## Exercise brief
Restate the listing that follows word for word, without its pictures.

## Exercise data
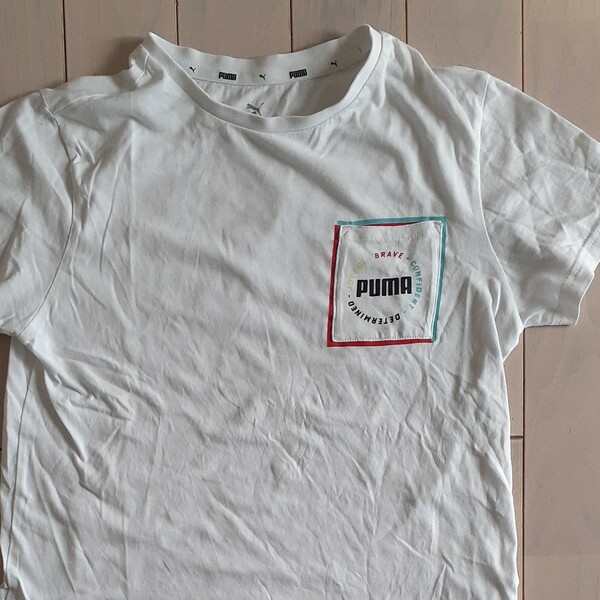 Tシャツ 子供服 カットソー PUMA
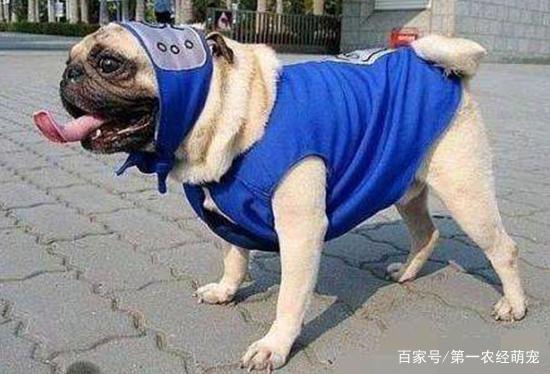 二次元碰撞三次元，动漫萌宠来袭！快来用“照妖镜”看看原型吧！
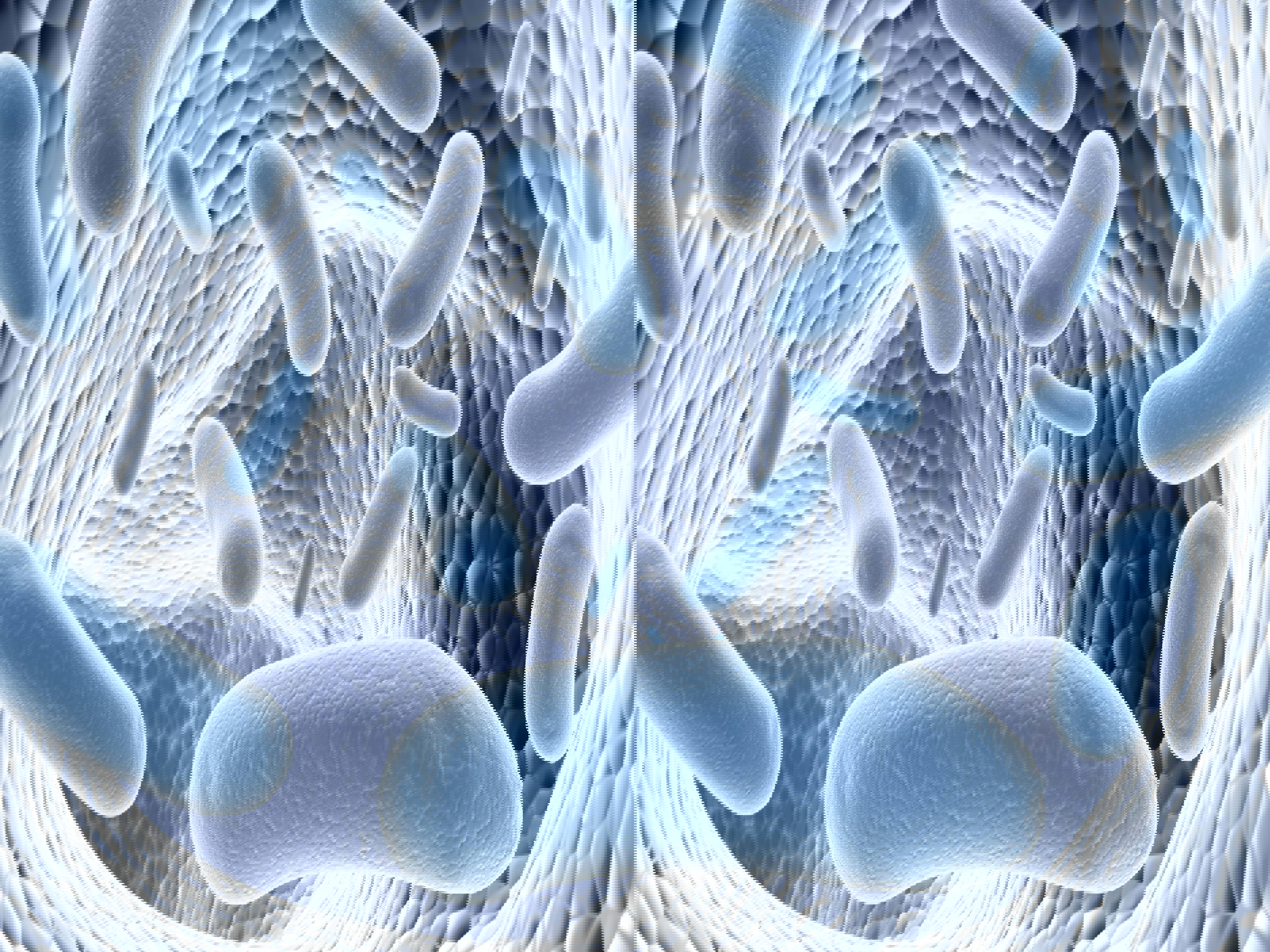 Image microscopique représentant des bactéries en forme de bâtonnets évoluant dans un environnement cellulaire complexe. Cette visualisation illustre les interactions entre micro-organismes vivants et matrices biologiques, essentielles dans le développement et l’analyse des produits biothérapeutiques vivants (Live Biotherapeutic Products). Eurofins BioPharma Product Testing utilise ce type d’imagerie pour caractériser le microbiome, évaluer la viabilité bactérienne, et garantir la qualité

## The completed task
 Tシャツ 子供服 カットソー PUMA
 二次元碰撞三次元，动漫萌宠来袭！快来用“照妖镜”看看原型吧！
 Image microscopique représentant des bactéries en forme de bâtonnets évoluant dans un environnement cellulaire complexe. Cette visualisation illustre les interactions entre micro-organismes vivants et matrices biologiques, essentielles dans le développement et l’analyse des produits biothérapeutiques vivants (Live Biotherapeutic Products). Eurofins BioPharma Product Testing utilise ce type d’imagerie pour caractériser le microbiome, évaluer la viabilité bactérienne, et garantir la qualité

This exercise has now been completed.